To be diagnosed with Lewy body dementia (LBD), a person must first have dementia. Simply put, this means a person has had a decline in their cognitive (thinking) abilities that interferes with their everyday life. However, Lewy body disease is present in the brain long before a person has enough problems with their cognitive abilities to be diagnosed with dementia. A new study identifies symptoms closely associated with LBD before a person has dementia – during the mild cognitive impairment (MCI) stage.
Researchers at Newcastle University in the U.K. studied 36 people with MCI with at least two other diagnostic symptoms of LBD (MCI-LB), 21 people with MCI suggesting Alzheimer’s disease MCI (MCI-AD), 36 people with dementia with Lewy bodies (DLB), 21 people with Alzheimer’s disease (AD). Another group of 20 healthy individuals was studied for comparison.
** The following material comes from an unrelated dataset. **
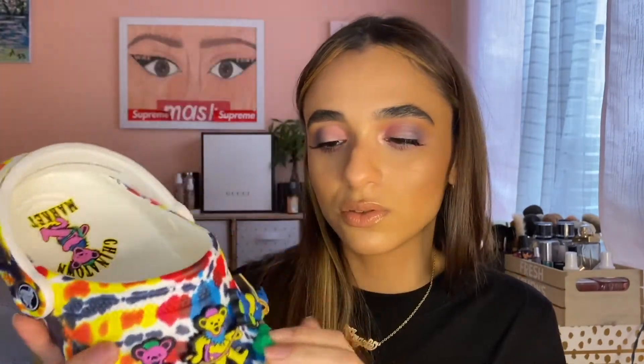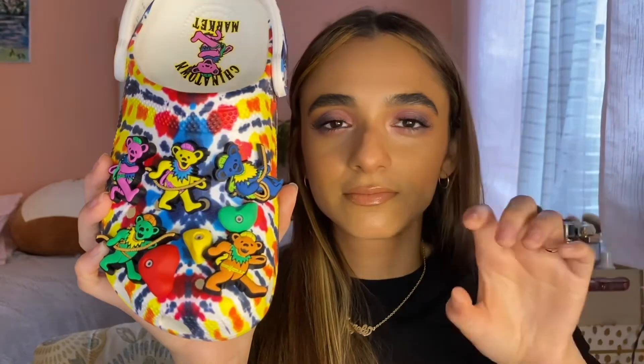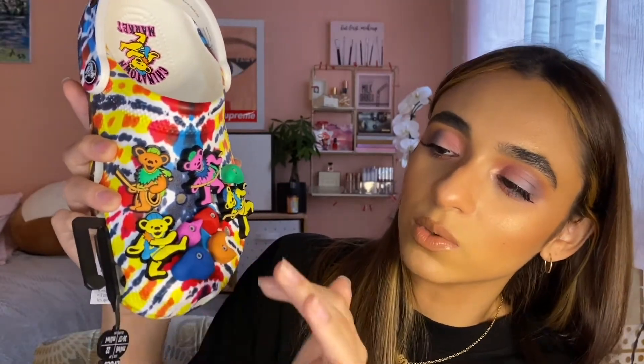We have a lot of Jibbitz here — Jibbitz are the pins or charms that Crocs sells to be placed into the holes of their shoes. These do come out. They did sell other Chinatown Market Grateful Dead Jibbitz on the site separately, which I didn't even realize. All these bear variations are part of the Chinatown Market collection, and these Jibbitz are like rock-climbing-style pieces. We have different Jibbitz: two yellow bears, pink, orange, orange rocks, pink, red, green, and blue. They are removable so you can take them out and alternate them, or remove them completely.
All participants (along with a relative or caregiver, if available) were interviewed using a questionnaire adapted from the Lewy Body Dementia Association’s Comprehensive LBD Symptoms Checklist. Several additional symptoms linked to LBD were also added, specifically vision-related symptoms and response to dementia medications. One LBD symptom, sexual dysfunction, was often not inquired about to avoid the potential discomfort of any participants whose study partners were not spouses.
Next, the symptoms reported by the MCI-LB and MCI-AD groups were compared. Another comparison was made between the DLB and AD groups. The 10 symptoms significantly more common in MCI-DLB than MCI-AD (and that are linked to DLB, but not AD) were:
- Fluctuating concentration or attention
- Unexplained episodes of confusion
- Misjudging objects (difficulty moving around due to misjudging where objects are)
- Muscle rigidity or stiffness
- Changes in handwriting
- Shuffling walk
- Changes in posture
- Frequent falls
- Weak voice
- Symptoms of REM sleep behavior disorder (physically acting out dreams while asleep)
Co-author Ian McKeith, MD of Newcastle University and the lead author of the newly updated DLB diagnostic criteria stated, “At the time this study launched, the LBDA’s symptom checklist was a newly published, user-friendly tool for both patients, caregivers and clinicians. It covered a wide-range of symptoms, including some that are often over-looked by clinicians or not recognized by patients or caregivers as being related to DLB.” Dr. McKeith continued, “The results of this study suggest the symptoms checklist is a very useful tool that can be helpful in both routine clinical care and clinical research.”
The earliest symptoms reported by participants included loss of smell and symptoms of REM sleep behavior disorder. (NOTE: Loss of smell is common in healthy older adults and people with AD, so it is not specific enough to suggest MCI-LB.) Other symptoms were more likely to occur 1-2 years after cognitive changes began.
Interestingly, participants in the MCI-LB and MCI-AD reported seeing things that were not present. When evaluated by a three-physician diagnostic panel, differences in the nature of the hallucinations were identified. Those with MCI-AD did not report the “well-formed and detailed” visual hallucinations seen in DLB. Instead, they reported misidentifying objects seen in low light or simple hallucinations such as flashes of light. This reinforces the value of assessments by experienced clinicians to explore the nature of any visual symptoms of LBD.
Due to an insufficient number of MCI-AD volunteers taking medications to treat cognitive symptoms, a comparison with the MCI-LB group could not be made. Authors noted that 54% of the 13 MCI-LB volunteers reported significant improvement with these medications, and 15% reported minimal improvement. This echoes other research showing those with LBD typically respond more favorably to dementia medications (specifically cholinesterase inhibitors) than those with AD.
The 10 symptoms more common in MCI-LB than MCI-AD were developed into a scale. When testing the scale in the 5 different groups, a threshold of >2 points resulted in positively identifying 83% of those with MCI-LB. 100% of those who scored 2 or more on the scale were in the MCI-LB group. The 83% sensitivity and 100% specificity is a strong indicator of the scale’s potential use. Specifically, it may offer value in identifying people who are at risk for developing LBD. The scale may also be a useful tool in recruiting and screening volunteers for clinical research. Further work is needed to validate the scale in independent studies.
The study was published in the International Journal of Geriatric Psychiatry and was supported by the National Institute for Health Research.